What does 'apocalyptic' mean in context? And does she understand that actual meaning?

That'll have a heavy effect on what sort of person would be drawn to this. It depends in much on what she thinks she's doing, as opposed to what's actually going on.
Apocalyptic is my term, not an in-setting selling point to new recruits.

It's a cult, so recruits will tend to have a very skewed idea of the reality behind what they are doing, and most of the recruits will be vulnerable, at-risk people lacking a support network. Many will be addicts or recovering addicts, runaways, people getting out of abusive relationships and, yes, the mentally ill and psychologically disturbed. Because of the message and the communities where recruitment is focused, I expect a heavy concentration of people struggling with depression, self-harm, feelings of low self-worth and an array of other psychological issues.

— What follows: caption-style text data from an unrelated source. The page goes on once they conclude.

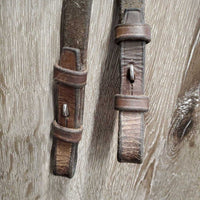 FS Wide Nose Hunter Bridle, braided reins *fair,CUT OFF Flash, tight keepers, thick residue, dry, stiff, faded
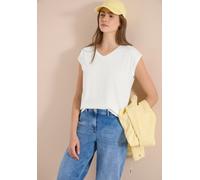 Kurzarmshirt CECIL, Damen, Gr. M (40), vanilleweiß, Jersey, Obermaterial: 50% Baumwolle, 50% Modal, unifarben, normal hüftbedeckend, V-Ausschnitt, abgesteppte Kante, Shirts, Sommershirt mit V-Neck (95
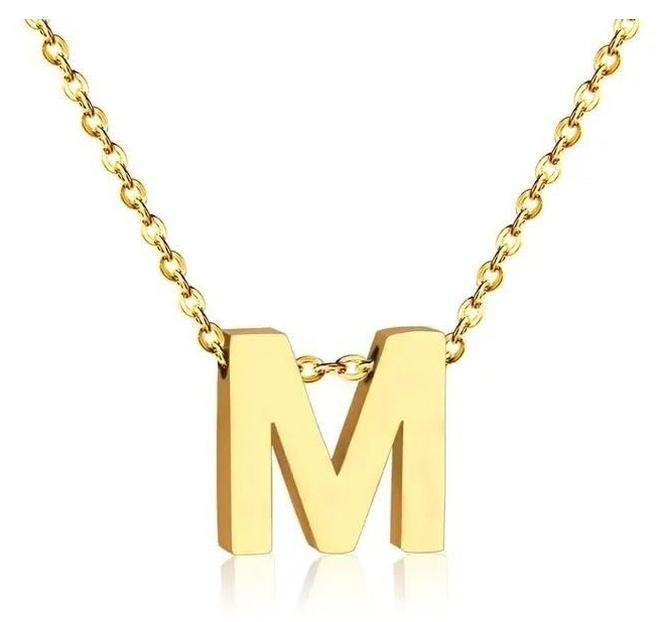 فيروز جوليري قلادة حرف صغيرة مطلية بالذهب عيار 18 قيراط من الستانلس ستيل، قلادة حرف شخصية مخصصة - Image 1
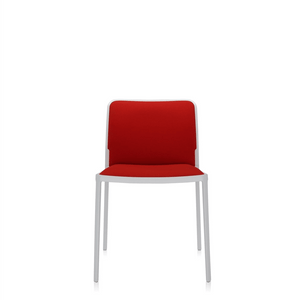 Audrey Soft (2 Chairs) Side/Dining Kartell No Arms Painted Aluminum White Trevira Red
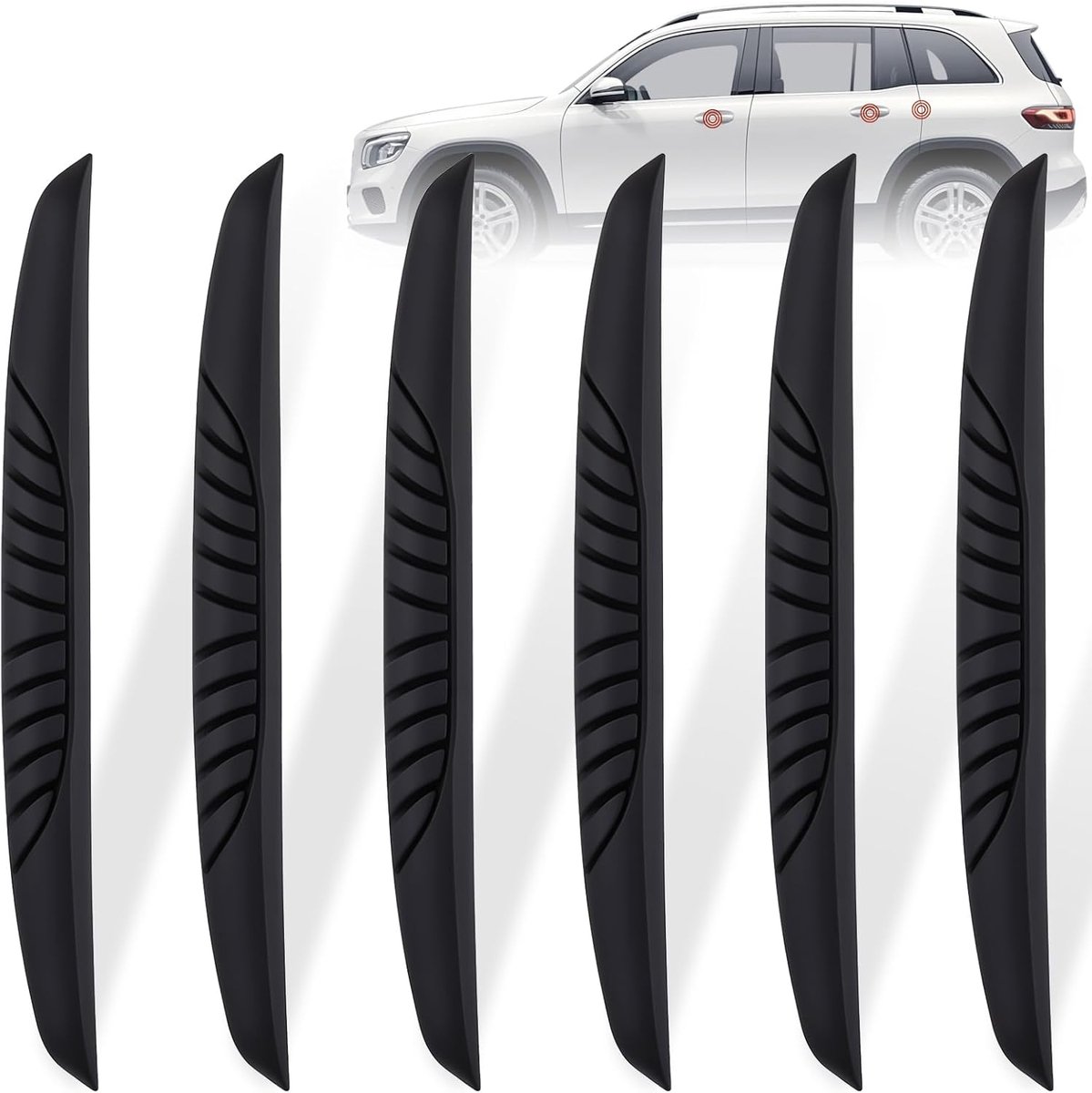 SnelShoppen - 6 Stuks Auto Deurhandgreep Randbeschermer, Universele Deur Randbescherming, Rubber Auto Deur Bescherming, Zwart, Voor Achteruitkijkspieg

Only the upper echelons of the cult know anything of what they are really doing and only the Hidden Masters know the full truth. That being said, the five leaders behind this ritual belong to the highest level of the Keepers of the Last Hearth, below only the Hidden Masters, and so will be fully cogniscant of the fact that the ritual is intended to bring about a profound and fundamental change on Earth, one incompatible with human life as we know it. There is, however, ample room for even these senior figures in the cult to be deluded about the consequences of so doing and they will have different motivations.

Quote:
Originally Posted by Johnny1A.2 View Post
She might:

1. Think of it as a cold-eyed trade-off. 'I help the Cold Ones wipe out most of humanity, in exchange they give me 'x'. 'X' could be wealth, power, immortality, a hunky lover or 10, whatever appeals to her. It doesn't matter if these benefits will actually materialize, as long as she thinks they will.

Option 1 might tend to appeal to a classic sociopath.
This is fairly classic for mid-level cultists and, perhaps especially, criminal associates of the cult, that the PCs have encountered. Of course, from what the criminals say, they have no idea of the ultimate goals of the cultists, just that they are too scary to refuse, pay well and perform magical rituals (complete with human sacrifices) that actually work, so they are terrified any disloyalty will be discovered and punished by awful curses. So the 'ordinary decent criminals' actually claim to be a little from this column, a little from column 3.

At least a few cultists with self-serving motivations appear to be ritual magicians, who must to some degree be initiated into greater secrets of the cult. Of course, it's difficult to disentangle motives of self-interest from bitterness and psychological illness when the person in question speaks, apparently sincerely, about the beauty of oblivion and the coming End of Days, but also uses Path of Nonexistence rituals that cause unconsciousness and memory loss as date rape drugs.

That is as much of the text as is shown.